Climatic controls on Later Stone Age human adaptation in Africa's southern Cape

Bibliographic Collection: 
APE
Publication Type: Journal Article
Authors: Chase, Brian M.; Faith, J. Tyler; Mackay, Alex; Chevalier, Manuel; Carr, Andrew S.; Boom, Arnoud; Lim, Sophak; Reimer, Paula J.
Year of Publication: 2018
Journal: Journal of Human Evolution
Volume: 114
Issue: Supplement C
Pagination: 35 - 44
Date Published: 2018/01/01/
Publication Language: eng
ISBN Number: 0047-2484
Keywords: Boomplaas Cave, Macrofauna, Microlithic, Paleoclimate, Paleoecolgy, Rock hyrax middens
Abstract:

Africa's southern Cape is a key region for the evolution of our species, with early symbolic systems, marine faunal exploitation, and episodic production of microlithic stone tools taken as evidence for the appearance of distinctively complex human behavior. However, the temporally discontinuous nature of this evidence precludes ready assumptions of intrinsic adaptive benefit, and has encouraged diverse explanations for the occurrence of these behaviors, in terms of regional demographic, social and ecological conditions. Here, we present a new high-resolution multi-proxy record of environmental change that indicates that faunal exploitation patterns and lithic technologies track climatic variation across the last 22,300 years in the southern Cape.
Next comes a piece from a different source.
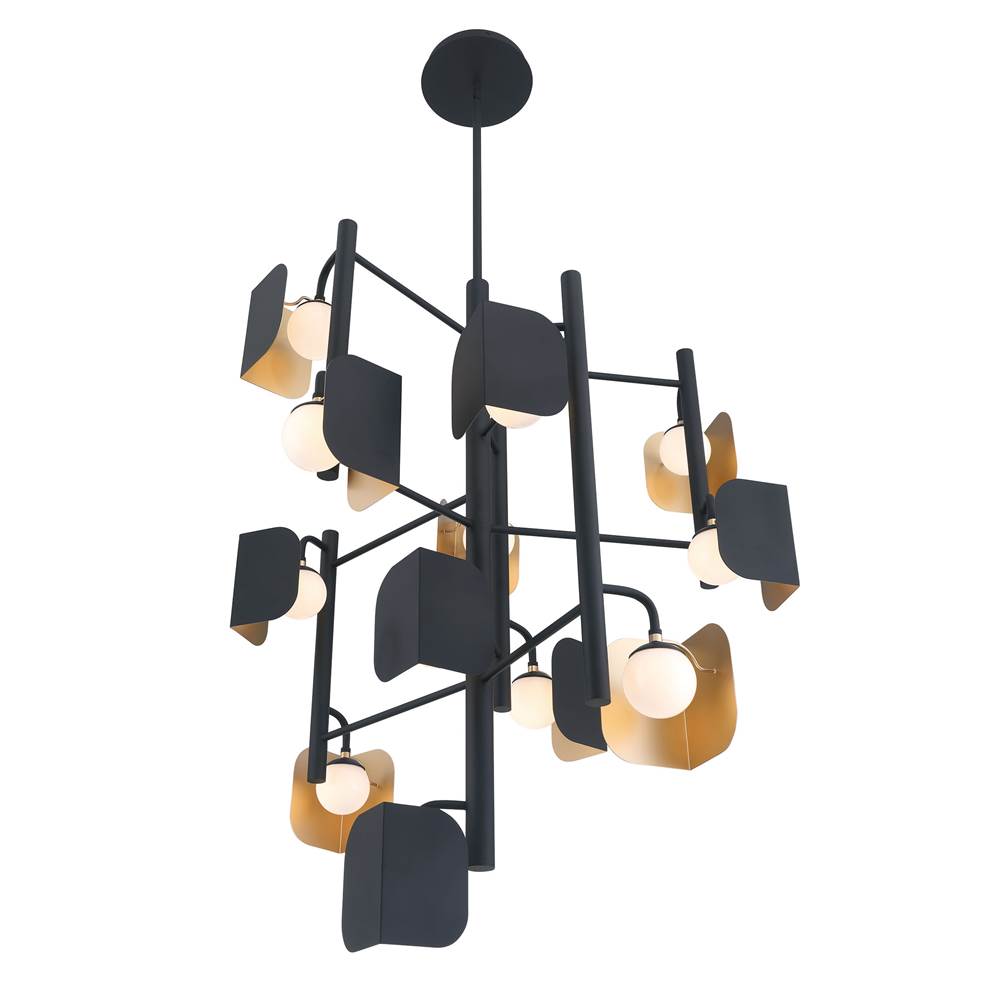 Eurofase 49228-014 Gold Black Mix Cornice, Chandelier, 12-light, 42'', Gold-black Mix, White Glass Image 2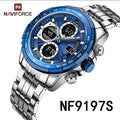 NAVIFORCE 9197  Classic Men's Watch Quartz Digital Military Sport Silver Stainless Steel Wristwatch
Conditions during the Last Glacial Maximum and deglaciation were humid, and zooarchaeological data indicate high foraging returns. By contrast, the Holocene is characterized by much drier conditions and a degraded resource base. Critically, we demonstrate that systems for technological delivery – or provisioning – were responsive to changing humidity and environmental productivity. However, in contrast to prevailing models, bladelet-rich microlithic technologies were deployed under conditions of high foraging returns and abandoned in response to increased aridity and less productive subsistence environments. This suggests that posited links between microlithic technologies and subsistence risk are not universal, and the behavioral sophistication of human populations is reflected in their adaptive flexibility rather than in the use of specific technological systems.